### Records to use
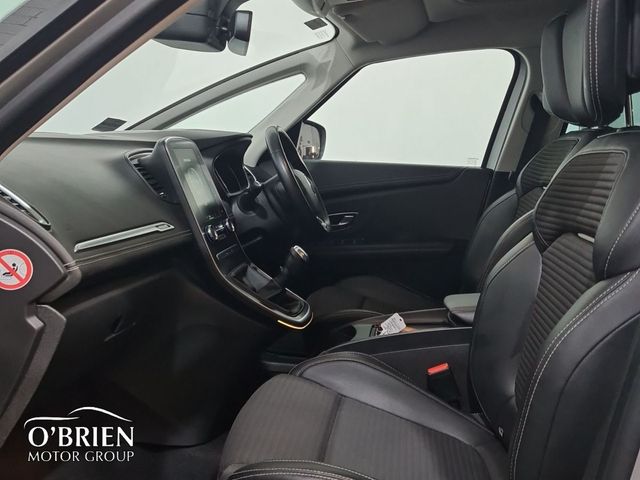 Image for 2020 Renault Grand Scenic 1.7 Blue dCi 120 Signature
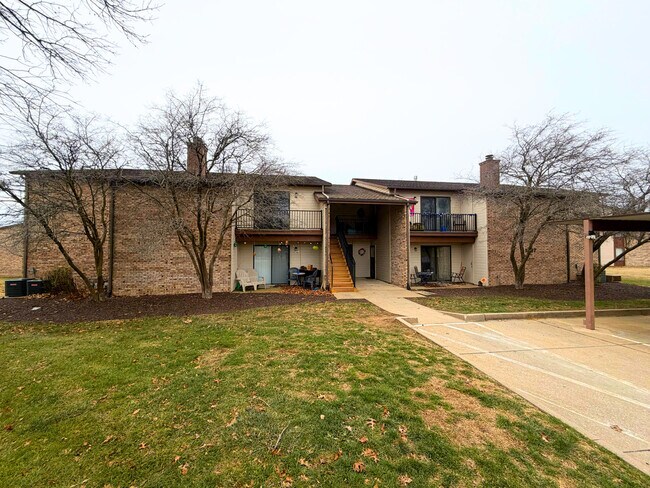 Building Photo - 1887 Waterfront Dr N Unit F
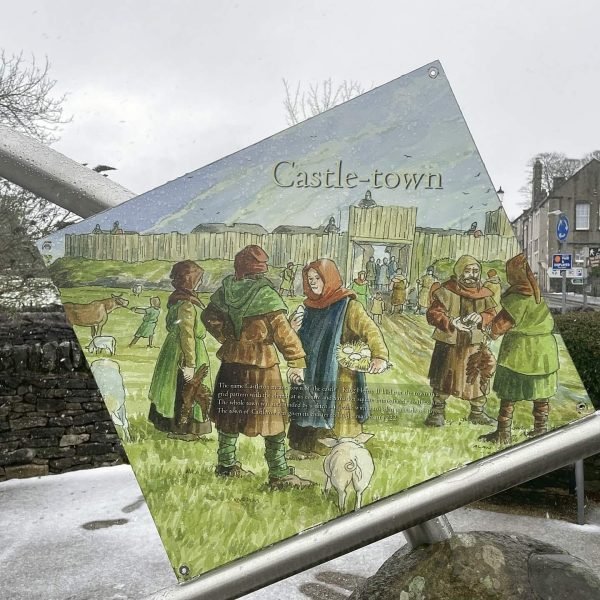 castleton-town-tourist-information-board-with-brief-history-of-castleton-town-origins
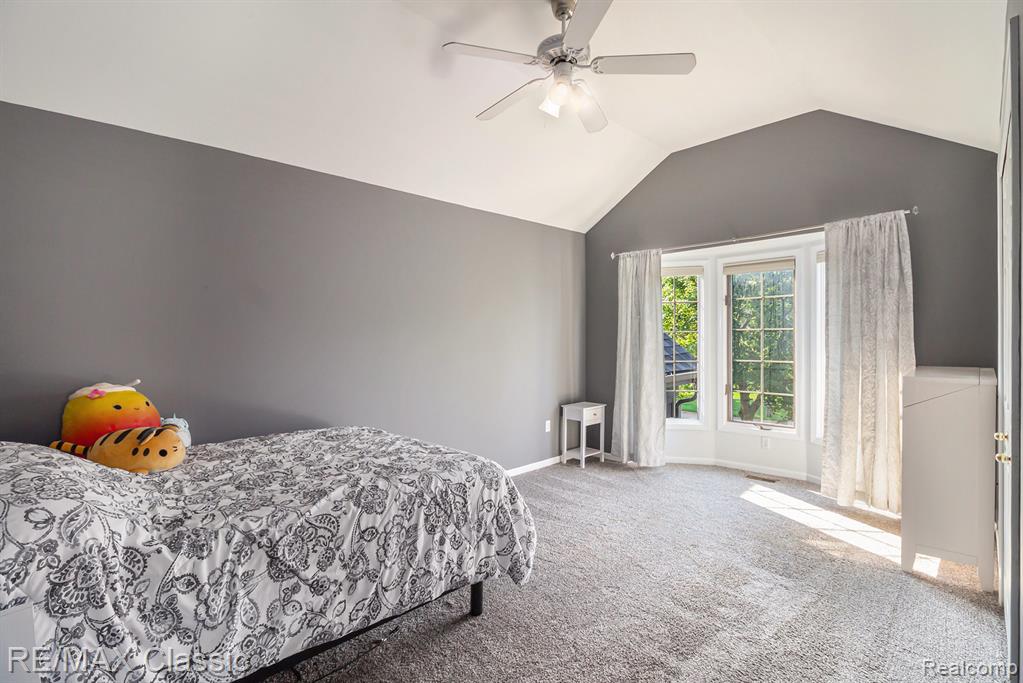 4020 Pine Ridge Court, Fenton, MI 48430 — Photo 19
######
### Records to use
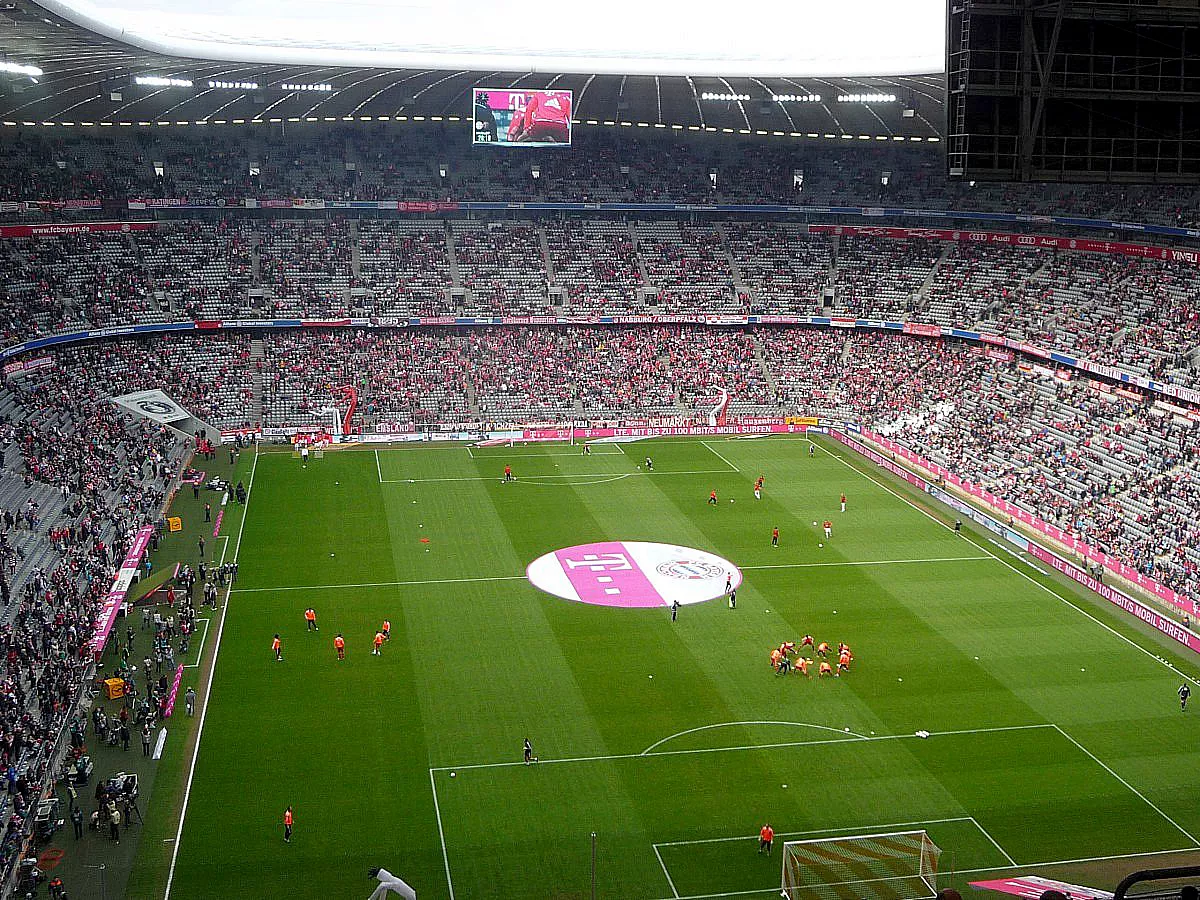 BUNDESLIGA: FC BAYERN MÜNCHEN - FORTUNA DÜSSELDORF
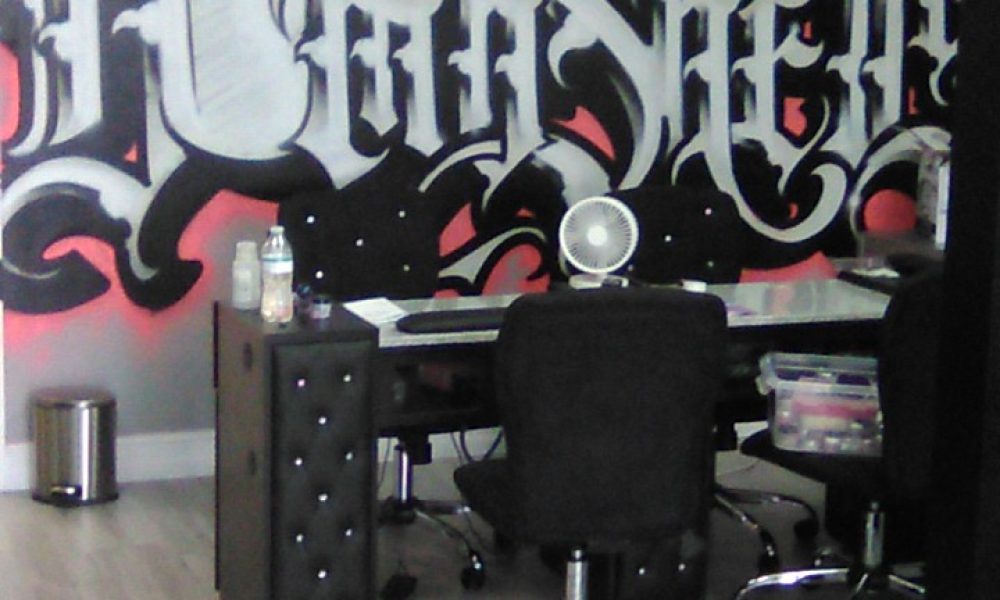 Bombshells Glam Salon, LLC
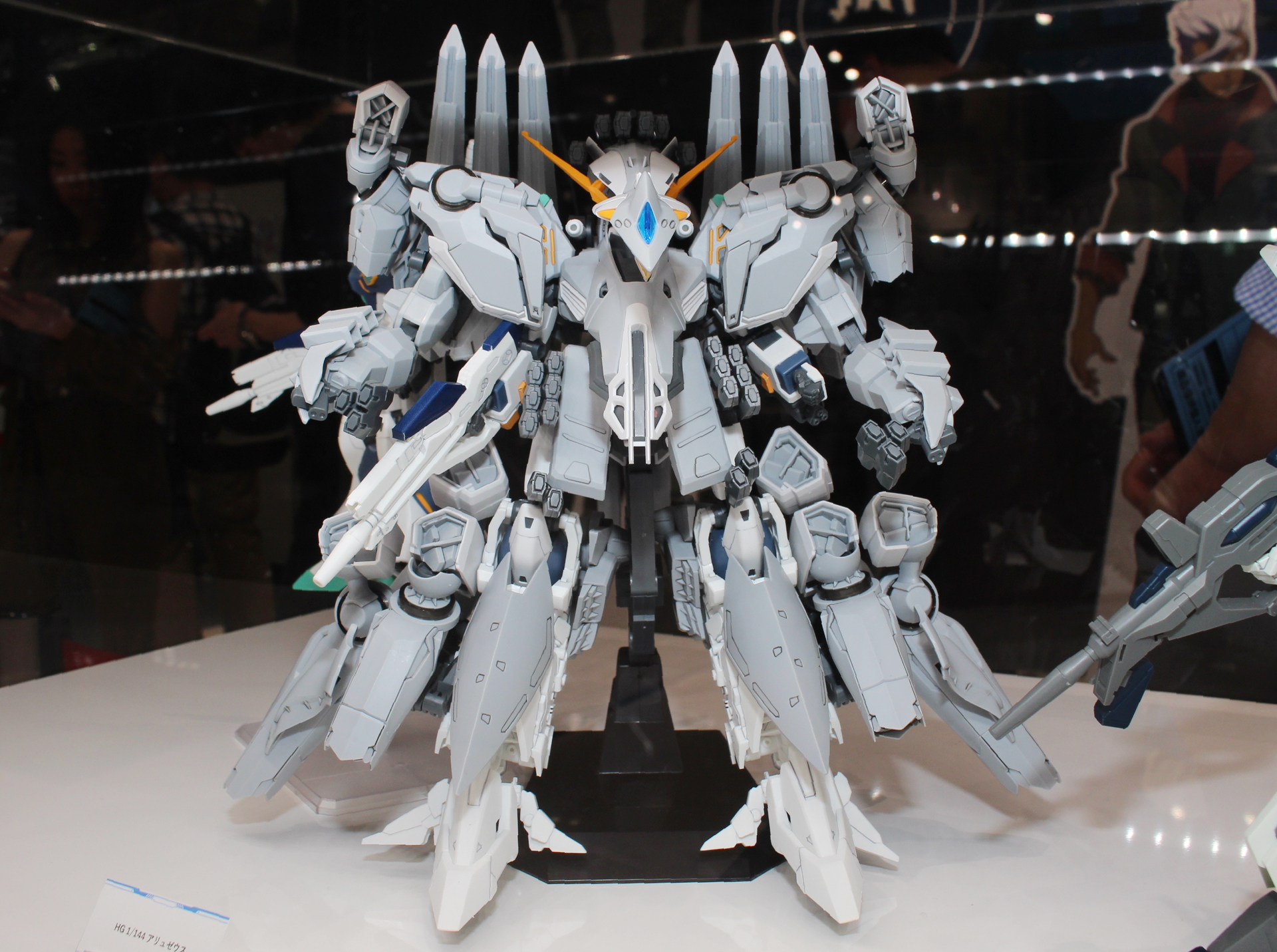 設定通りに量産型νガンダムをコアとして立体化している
######
Work task
Within the listing above, the stretch from the line with "BUNDESLIGA: FC BAYERN" down to the line with "設定通りに量産型νガンダムをコアとして立体化している" is to be given again exactly, end lines included and pictures excluded.

Solution to this exercise
 BUNDESLIGA: FC BAYERN MÜNCHEN - FORTUNA DÜSSELDORF
 Bombshells Glam Salon, LLC
 設定通りに量産型νガンダムをコアとして立体化している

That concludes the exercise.